The Macar parties were granted
summary judgment on their claims for fraudulent conveyances.
Piercing the Veil
The decision recites the
piercing test adopted by the Kentucky Supreme Court in Inter-Tel Technologies, Inc. v. Linn Station Properties, LLC, 360
S.W.3d 152, 165 (Ky. 2012), noting that:
In Kentucky, alter ego liability
boils down to “two dispositive elements: (1) domination of the corporation
resulting in a loss of corporate separateness and (2) circumstances under which
continued recognition of the corporation would sanction fraud or promote
injustice.”
As for the lack of
separateness, it was found that the KPO debtors and the related companies share
common leadership in Mehram Ehsan, there was inadequate capitalization of at
least one of them, formalities were ignored and the entities comingled their
funds. Id. at *7.
The fact that Mehram Ehsan was
not named as a party in the suit, that raised as a bar to the Court piercing
the veil, was described as “mistaken.”
Having found a lack of
separateness, the Court turned its attention to the second prong of the
piercing analysis, namely whether or not piercing would sanction fraud or
promote injustice.
While acknowledging that the
injustice needs to be more than the creditor is not paid, the Court determined:
[O]ne such injustice is a parent
corporation or director causing a subsidiary’s liability and then rendering the
subsidiary unable to pay that liability.
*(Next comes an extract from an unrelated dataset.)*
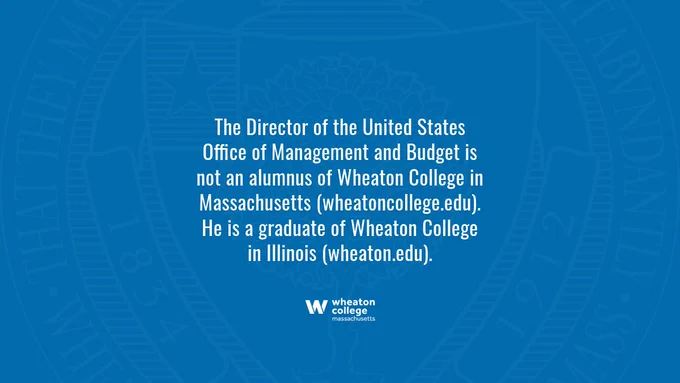 Text on a blue background announcing that the Director of the United States Office of Management and Budget is not an alumnus of Wheaton College in Massachusetts. He is a graduate of Wheaton College in Illinois.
Ehsan, who controls and directs all of
the KPO entities, incurred liability on behalf of the KPO debtors by executing
both the Macar and 7921 PSAs on behalf of the KPO debtors. An arbitrator found
that the KPO debtors breached the PSAs and awarded damages to the Macar
parties. Ehsan then rendered the KPO debtors unable to meet their PSA
obligations. As the Court explained in section II, the KPO entities—at the
direction of Ehsan—stripped assets from the KPO debtors, meaning that the Macar
parties could not collect their arbitration award. Accordingly, continued
recognition of the separate corporate forms of the various KPO entities would
sanction an injustice.
A second injustice is a scheme to shift assets to a liability-free corporation while shifting liabilities to an asset-free corporation. In this case, all of the liabilities fell on the KPO debtors because they are the only parties named in the arbitration award. Meanwhile, non-debtor KPLP took all of KPO, LLC’s assets and all of the KPO debtors’ revenue under the PSAs. On these facts, the continued recognition of the KPO entities’ supposedly “separate” corporate forms would sanction injustice. Because the Court finds that the KPO entities lack corporate separateness and that recognizing separate corporate forms would sanction an injustice, the Court will pierce the corporate veil and treat the KPO entities as a single entity. Id. at *8 (citations omitted).
From
there the conclusion was a foregone, namely:
Because the Court finds that the KPO
entities lack corporate separateness and that recognizing separate corporate
forms would sanction an injustice, the Court will pierce the corporate veil and
treat the KPO entities as a single entity. Id.